▶ _Activity_: All of the data should be restated word for word, with the pictures omitted.
==== Records to use
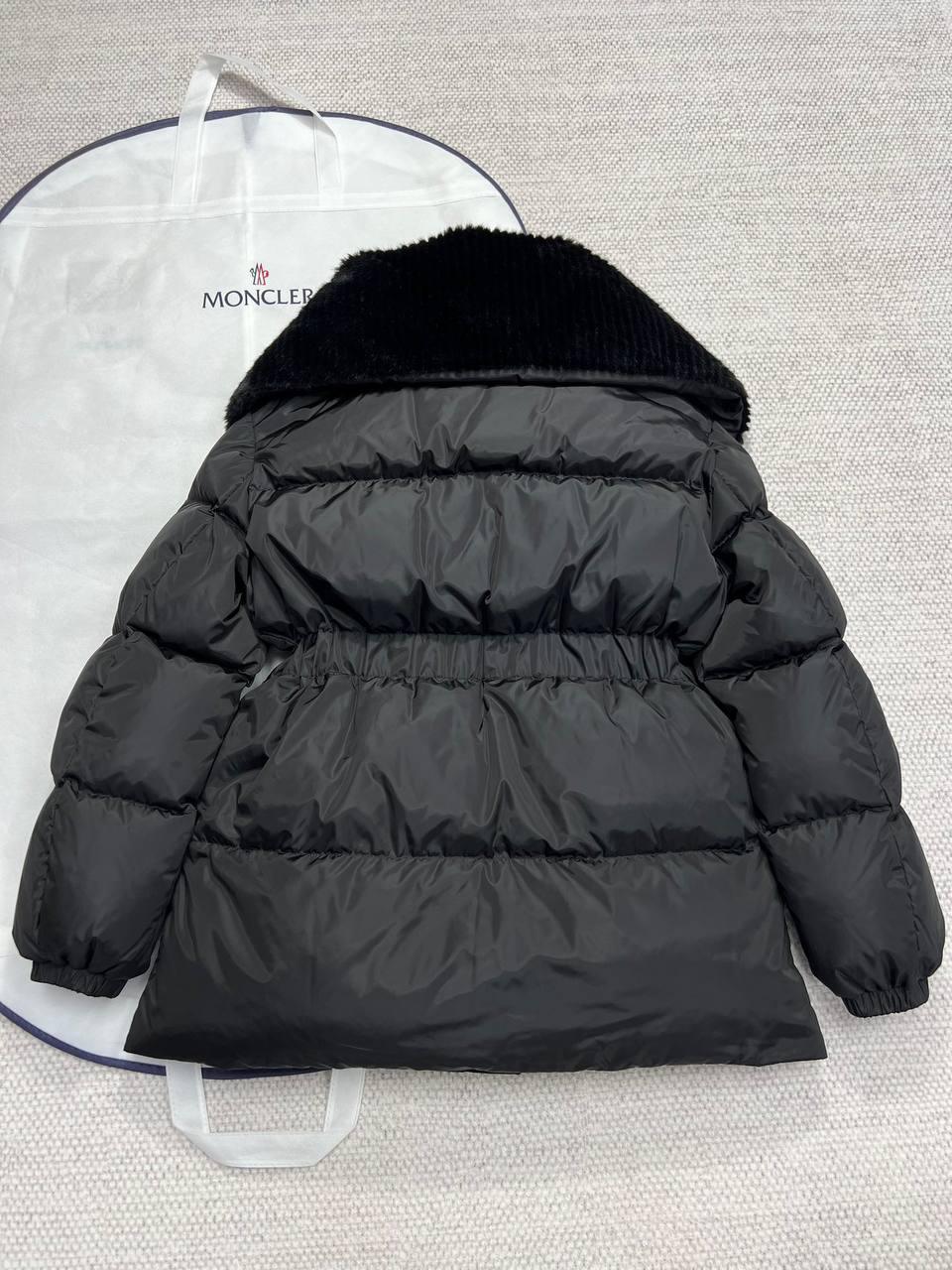 Moncler Cupidone Siyah Kapüşonlu Puff Mont - Glimmer of Luxury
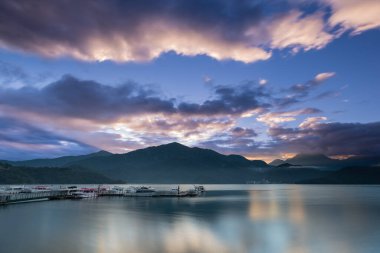Kızıl bulutlu romantik gün doğumu manzarası. Güzel göller ve dağlar. Chaowu İskelesi, Sun Moon Gölü Ulusal Sahne Bölgesi. Nantou İlçesi, Tayvan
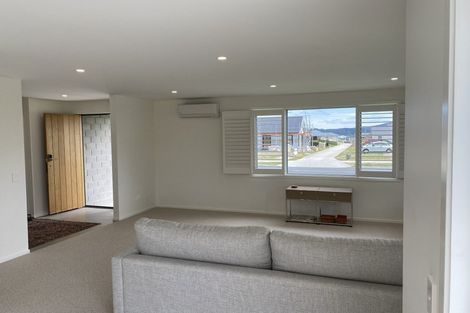 Photo of property in 180 Harakeke Drive, Wharewaka, Taupo, 3330
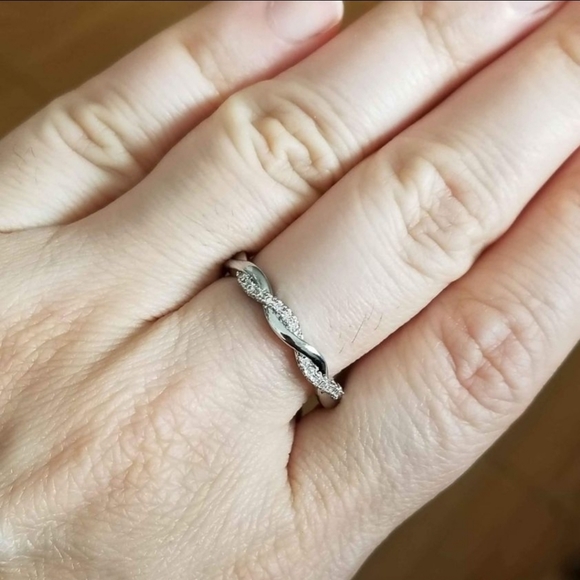 New 925 Silver Diamond Twist Band Ring for Women - Picture 4 of 9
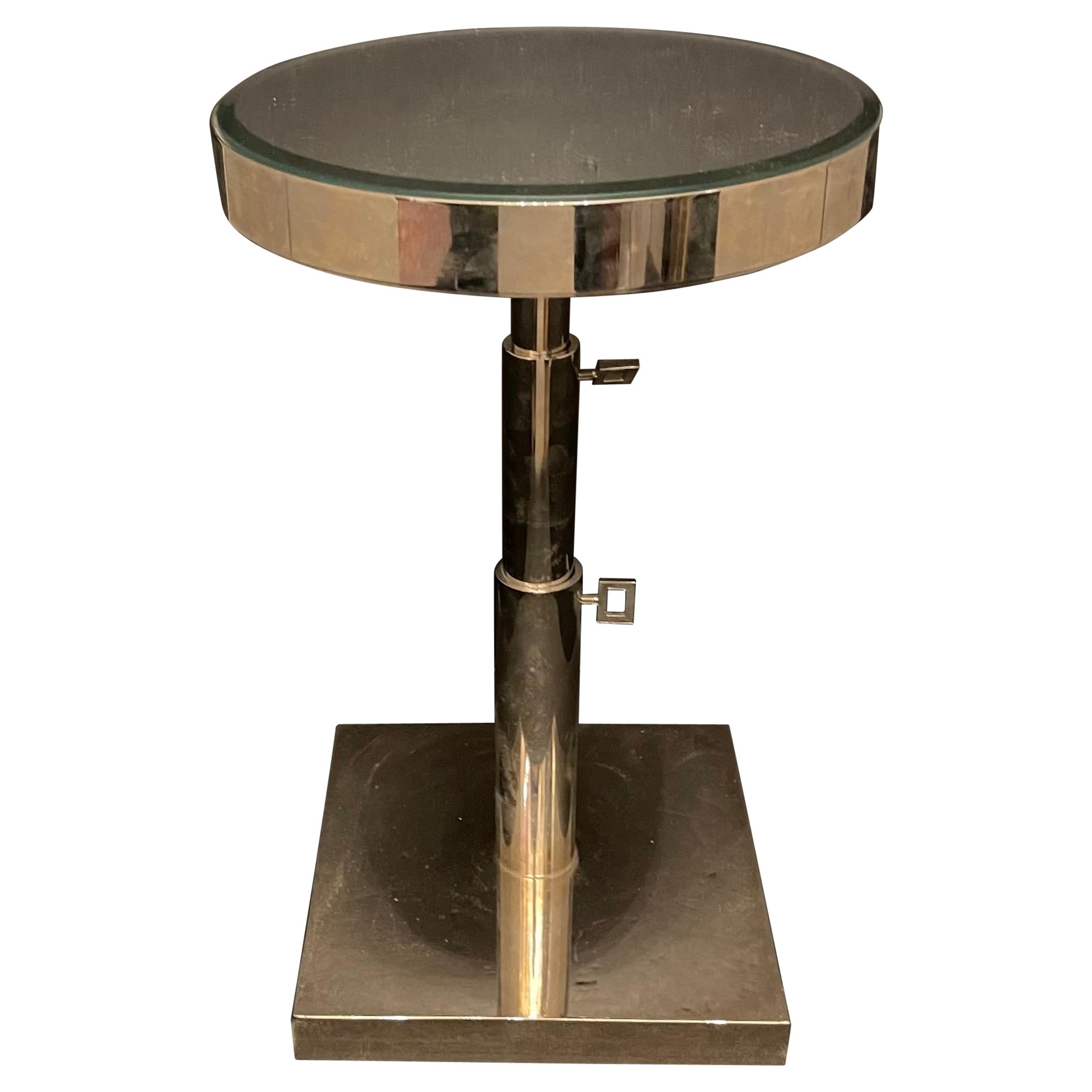 Merveilleuse table d'appoint télescopique Lorin Marsh en nickel poli avec plateau en miroir
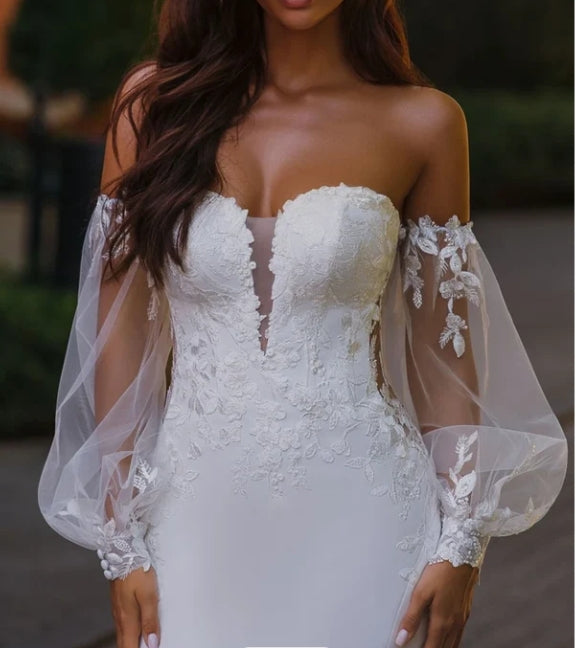 Ethereal Mermaid Plunging Neck Chiffon Tulle Wedding Dress with Appliques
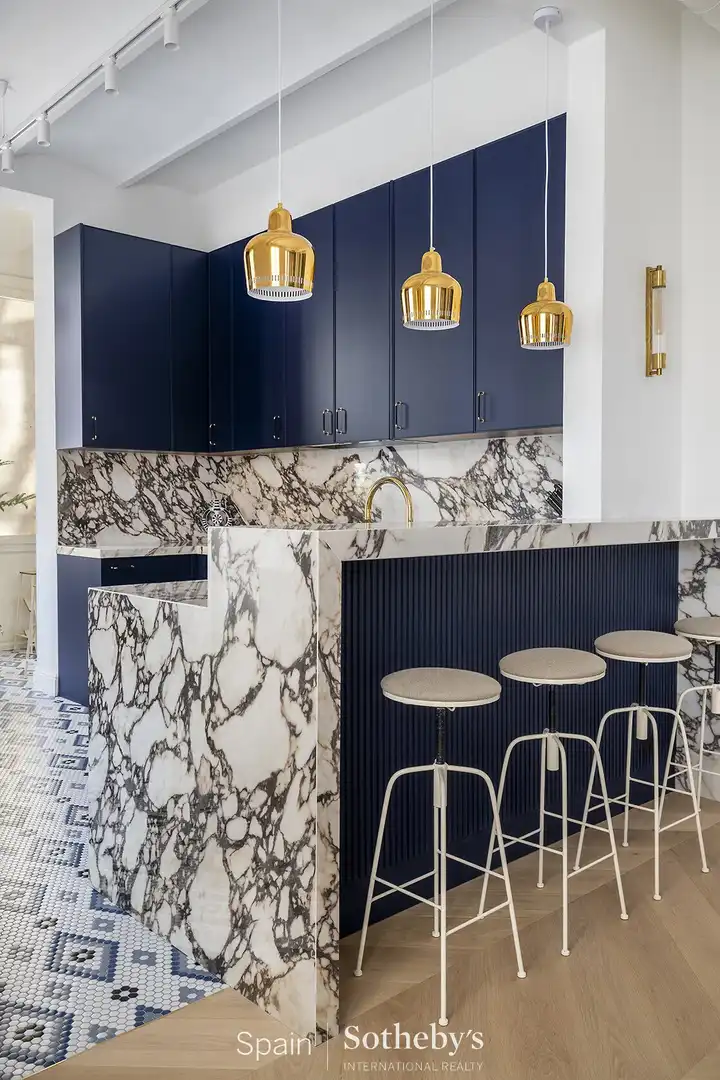 Cocina de Apartamento en venta en Barcelona con Aire acondicionado y Terraza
========
▶ _Answer space_:
 Moncler Cupidone Siyah Kapüşonlu Puff Mont - Glimmer of Luxury
Kızıl bulutlu romantik gün doğumu manzarası. Güzel göller ve dağlar. Chaowu İskelesi, Sun Moon Gölü Ulusal Sahne Bölgesi. Nantou İlçesi, Tayvan
 Photo of property in 180 Harakeke Drive, Wharewaka, Taupo, 3330
 New 925 Silver Diamond Twist Band Ring for Women - Picture 4 of 9
 Merveilleuse table d'appoint télescopique Lorin Marsh en nickel poli avec plateau en miroir
 Ethereal Mermaid Plunging Neck Chiffon Tulle Wedding Dress with Appliques
 Cocina de Apartamento en venta en Barcelona con Aire acondicionado y Terraza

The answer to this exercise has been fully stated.